I work for an agency that processes the medical portion of Social Security claims. My claimant get caught up on (among many things) their diagnosis. We are a functional program. Your diagnosis is good and all but it is how you are functioning despite your impairment that pretty much determines whether or not we are going to allow or deny you.

I talk to claimants all the time and they say "but I have this" or "but I have that". They don't understand why my questions on what they are able to do during the day matter so much. I didn't understand why their emphasis on their diagnosis mattered so much. Then I had Lauren.

She was first diagnosed with a developmental delay. This can be one of the worst diangosises to have from an insurance standpoint. Many insurances won't pay for therapies with kids with this diagnosis. The crazy thing is that kids with developmental delays get better a lot faster with therapy.

Therapies such as speech, occupational, and physical helps kids function in an age appropriate manner.

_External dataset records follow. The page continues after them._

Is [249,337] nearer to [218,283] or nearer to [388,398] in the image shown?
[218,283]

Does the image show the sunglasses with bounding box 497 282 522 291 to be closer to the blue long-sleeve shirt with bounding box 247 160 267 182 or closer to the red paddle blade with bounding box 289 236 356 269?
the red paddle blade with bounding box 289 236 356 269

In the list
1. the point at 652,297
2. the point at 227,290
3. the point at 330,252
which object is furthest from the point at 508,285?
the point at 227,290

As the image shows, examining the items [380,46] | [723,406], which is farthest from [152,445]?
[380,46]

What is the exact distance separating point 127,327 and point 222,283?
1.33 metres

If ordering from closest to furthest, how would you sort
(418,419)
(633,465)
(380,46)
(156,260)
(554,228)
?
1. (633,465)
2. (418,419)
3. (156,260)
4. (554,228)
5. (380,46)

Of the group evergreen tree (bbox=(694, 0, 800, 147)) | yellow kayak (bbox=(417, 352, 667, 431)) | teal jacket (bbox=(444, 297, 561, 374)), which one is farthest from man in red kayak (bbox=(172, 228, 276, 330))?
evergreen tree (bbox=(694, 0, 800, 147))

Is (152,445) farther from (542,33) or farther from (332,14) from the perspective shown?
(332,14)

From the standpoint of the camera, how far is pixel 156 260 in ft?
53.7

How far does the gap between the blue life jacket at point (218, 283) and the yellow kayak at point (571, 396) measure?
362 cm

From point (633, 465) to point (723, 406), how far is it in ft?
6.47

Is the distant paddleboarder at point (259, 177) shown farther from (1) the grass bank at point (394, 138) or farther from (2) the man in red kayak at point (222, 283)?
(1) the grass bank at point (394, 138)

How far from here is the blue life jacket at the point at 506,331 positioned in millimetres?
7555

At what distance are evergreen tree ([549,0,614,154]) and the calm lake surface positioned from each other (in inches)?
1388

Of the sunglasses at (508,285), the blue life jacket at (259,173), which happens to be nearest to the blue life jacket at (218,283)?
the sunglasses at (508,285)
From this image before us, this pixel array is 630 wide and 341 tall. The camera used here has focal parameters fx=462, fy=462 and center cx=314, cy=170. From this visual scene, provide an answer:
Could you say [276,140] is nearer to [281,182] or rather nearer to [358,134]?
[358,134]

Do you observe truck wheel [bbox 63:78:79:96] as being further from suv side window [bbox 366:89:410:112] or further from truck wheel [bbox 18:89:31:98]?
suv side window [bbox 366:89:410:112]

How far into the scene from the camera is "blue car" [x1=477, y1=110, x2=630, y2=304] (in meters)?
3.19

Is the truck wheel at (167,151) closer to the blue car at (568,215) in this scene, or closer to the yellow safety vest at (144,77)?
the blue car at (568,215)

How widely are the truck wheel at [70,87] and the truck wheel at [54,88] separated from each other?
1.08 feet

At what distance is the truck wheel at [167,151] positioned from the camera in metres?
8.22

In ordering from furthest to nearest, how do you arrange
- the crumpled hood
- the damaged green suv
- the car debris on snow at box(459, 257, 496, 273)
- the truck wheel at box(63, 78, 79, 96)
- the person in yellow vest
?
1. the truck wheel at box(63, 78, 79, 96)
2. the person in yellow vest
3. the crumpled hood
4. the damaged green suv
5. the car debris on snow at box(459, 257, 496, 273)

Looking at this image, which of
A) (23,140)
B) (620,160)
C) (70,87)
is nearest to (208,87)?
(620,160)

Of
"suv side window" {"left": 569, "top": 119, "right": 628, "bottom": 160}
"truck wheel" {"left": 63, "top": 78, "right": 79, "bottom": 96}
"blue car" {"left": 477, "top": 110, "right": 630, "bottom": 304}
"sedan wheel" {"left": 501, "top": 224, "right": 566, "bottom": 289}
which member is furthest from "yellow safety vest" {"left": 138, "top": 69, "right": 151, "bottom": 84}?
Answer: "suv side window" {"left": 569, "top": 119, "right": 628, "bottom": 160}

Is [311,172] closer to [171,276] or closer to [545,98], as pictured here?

It helps kids be who they were meant to be. It changes kids lives. Many kids with developmental delays will get better on their own without therapy, eventually. However, it is a much harder road and a much longer road. Not getting therapy can create worse problems for other kids. This will necessitate more therapy and probably for a longer time than if their developmental delay would have been treated earlier. This will eventually cost the insurance company even more.

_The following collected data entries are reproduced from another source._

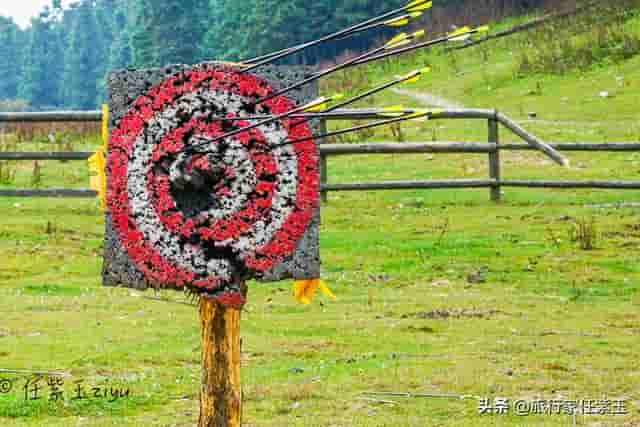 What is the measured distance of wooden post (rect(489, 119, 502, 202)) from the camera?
56.5ft

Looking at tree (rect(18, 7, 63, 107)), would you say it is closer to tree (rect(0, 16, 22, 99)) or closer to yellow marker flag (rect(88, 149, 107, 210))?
tree (rect(0, 16, 22, 99))

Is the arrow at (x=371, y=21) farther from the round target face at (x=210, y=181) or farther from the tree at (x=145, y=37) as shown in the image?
the tree at (x=145, y=37)

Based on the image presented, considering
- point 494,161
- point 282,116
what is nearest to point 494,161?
point 494,161

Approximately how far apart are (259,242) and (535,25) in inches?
1587

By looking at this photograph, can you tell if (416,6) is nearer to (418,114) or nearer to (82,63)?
(418,114)

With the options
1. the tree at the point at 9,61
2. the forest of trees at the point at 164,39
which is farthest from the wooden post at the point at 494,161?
the tree at the point at 9,61

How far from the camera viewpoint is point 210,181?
6148 mm

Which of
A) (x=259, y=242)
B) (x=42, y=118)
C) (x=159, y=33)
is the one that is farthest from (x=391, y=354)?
(x=159, y=33)

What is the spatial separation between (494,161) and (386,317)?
6.59 m

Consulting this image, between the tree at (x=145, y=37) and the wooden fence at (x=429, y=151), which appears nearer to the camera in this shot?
the wooden fence at (x=429, y=151)

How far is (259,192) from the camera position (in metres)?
6.16

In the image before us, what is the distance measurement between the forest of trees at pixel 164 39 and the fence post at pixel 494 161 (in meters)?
38.4

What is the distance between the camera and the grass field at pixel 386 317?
827cm

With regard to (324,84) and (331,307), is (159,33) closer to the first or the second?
(324,84)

Other programs, such as MRDD, are diagnosis driven. Lauren was eligible for services through MRDD until she hit age 6. The reason for this is because she was diagnosed with a global developmental delay. At age 6, the criteria for MRDD changes and the impairments need to be life-long. Developmental delays don't cut it. However, Lauren's neurologist changed her diagnosis to Pervasive Developmental Delay, Not Otherwise Specif iced (PDD, NOS). Her function has not changed at all but her diagnosis has and we expect that she will be eligible for services until she is at least 16.

I got an Explanation of Benefits (EOB) from my insurance company today. Lauren's neurology visits have been denied. I called to find out why and the reason is that it was coded in as a learning disability and our insurance does not provide services for that. I now have to call and talk to someone in billing and figure out how to get these services recoded and then re billed.

It will happen because her neurologist knows that she definitely needs his services. Her pediatrician won't do anything with her medication because she is now beyond their scope of expertise. But it's time consuming and it's something I have to remember to do while I'm at work (when I should be helping my state-ians with disabilities). It's sad that she needs the services and this is just an extra headaches. But remember it's all about the diagnosis.